Everton vs Watford (Friday, 7.45pm)
After winning their first four Premier League encounters with Watford between 1999 and 2007, the Toffees have failed to win any of their last three (D2 L1).
The big talking point: Attitude. Although not of great consequence, Ronald Koeman will have been less than impressed with what he saw in south Wales last week. Everton were almost flippant in defeat to Swansea and lost by virtue of being outworked. So in this, their last home game of the season (and Romelu Lukaku’s last appearance in blue at Goodison - or at least this particular shade of blue), Koeman will see a chance for his players to put those wrongs right.
What will happen: He'll likely get that reaction, too. Watford, more understandably, have been slumped on the beach for a while, so this will likely prove the perfect way to draw the curtain on Goodison for the summer. Pay particularly attention to Lukaku, as well. He was particularly underwhelming at the Liberty Stadium and, as ever, that's prompted a discussion about what he’s actually worth to the clubs who reportedly carry an interest in signing him. A strong response against a soft opponent seems a sensible bet.
What won’t happen: Clues as to Everton’s shape next season. There are a lot of rumours circulating about the club’s summer transfer activity and, with Lukaku’s departure set to generate a club-record revenue, they have the resources to conduct a wholesale rebuild. The next time this team appears at Goodison Park, expect it to look very different.
West Brom vs Chelsea (Friday, 8pm)
Chelsea have had a player sent off on their last two Premier League trips to The Hawthorns – John Terry last season and Cesc Fabregas in 2014/15.
The big talking point: The Premier League title. One more win for Chelsea and they’ll be over the line. Antonio Conte has cured the acrimony created by his predecessor and not just led his side to a championship, but also to comprehensive dominance over the rest of the division. On Friday, he can tie the bow on a near-perfect maiden season in England.
What will happen: Confetti and fireworks. There are admittedly more fitting places for a coronation than The Hawthorns, but it will have to do. And what does it matter? Chelsea would have preferred to secure the trophy in front of their own fans, but planning for the open-top bus parade down the Fulham Road is presumably well underway and, in any case, they're guaranteed a final-day victory lap against Sunderland.

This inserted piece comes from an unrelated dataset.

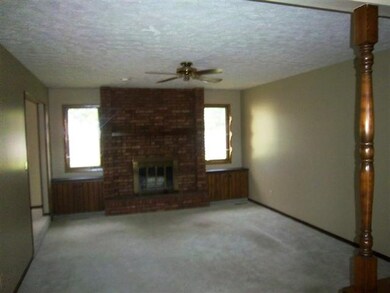 4002 Sugarberry Rd, North Platte, NE 69101 - photo 2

What won’t happen: Anything unexpected. Despite their recent form, most seem to expect West Brom to be awkward on Friday night. That’s unlikely. Their goals against Burnley were their first since the BC/AD crossover and, as per the unwelcome association with Tony Pulis’s teams, they appeared to clock off the minute their season’s objectives were achieved. A shame, because at one point - albeit fleetingly - the Europa League was a possibility.
Manchester City vs Leicester (Saturday, 12.30pm)

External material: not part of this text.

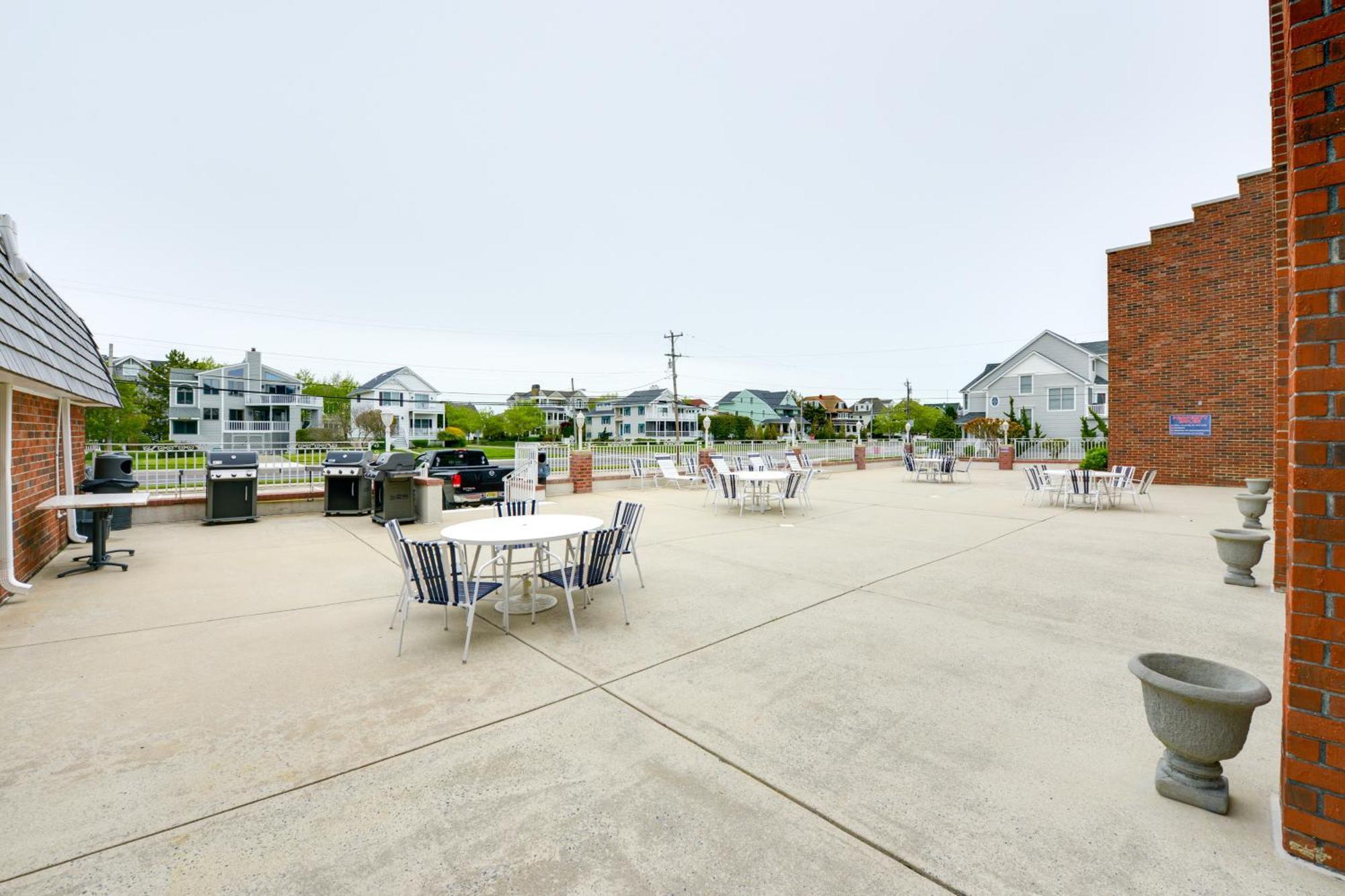 Bright Condo Half-Block To Cape May Beach! Extérieur photo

Manchester City have won their last four home Premier League games against reigning champions – each of the last two were by a three-goal margin (4-1 vs Manchester United in September 2013, 3-0 vs Chelsea in August 2015).
The big talking point: Champions League qualification. Manchester United, Arsenal, Liverpool and City are battling for the two remaining top-four places and now is not the time to concede ground. United and Liverpool are both away from home (against Tottenham and West Ham respectively), so this is a chance to put points on the board early in the weekend and apply some scoreboard pressure.
What will happen: David Silva and Gabriel Jesus to show their worth. City’s defensive issues remain, as they will until summer reinforcements arrive, but their attacking power has been ratcheted up by those two returning players. Silva’s role is obvious: he’s the critical, creative link between the midfield and the forward line. Jesus’s value, beyond his goals, also arrives in the form of what he allows others to do. He’s particularly adept at dropping into supporting positions and his presence adds a layer to his team’s threat. Though obviously still growing into his talent, he seems to show another part of his range each time he takes the field. A fascinating player. And a terrifying one from Leicester's perspective.
What won’t happen: A repeat of the last two fixtures. This was a key game on the way to Leicester's title win last season and, more recently, they humbled City at the King Power in late 2016. This is unlikely to be the same. Both are in fine attacking form (arriving at this game off 3-0 and 5-0 wins respectively), but City have the greater purpose and the more obvious necessity - and, though he’s unlikely to admit it publicly, Pep Guardiola will be keen to right one of the major wrongs of his season.
Bournemouth vs Burnley (Saturday, 3pm)
Of goalkeepers to play 100 or more Premier League games, only Boaz Myhill (1.73) and Wayne Hennessey (1.71) have conceded more goals per game than Middlesbrough's Brad Guzan (1.66, 253 in 152 games).
The big talking point: Had Burnley not recorded their first away win of the season over Crystal Palace two weeks ago, that discussion would be stuck on repeat. As it is, the only point of relative interest here is Bournemouth's bid to finish in the top half of the table. Though it would take a mighty swing in goal difference, winning here could see them move as high as eighth. Eighth! Bournemouth!
What will happen: Chaotic, end of season football. Bournemouth are a virtual guarantee of goals: they’ve conceded at least twice in eight of their last 10 games at the Vitality Stadium and five of their last six games have produced three or more goals. With Burnley safe and the pressure off (imagine what a carefree away performance from them might look like), this could be one of those expressive afternoons on which everyone forgets to pack their discipline.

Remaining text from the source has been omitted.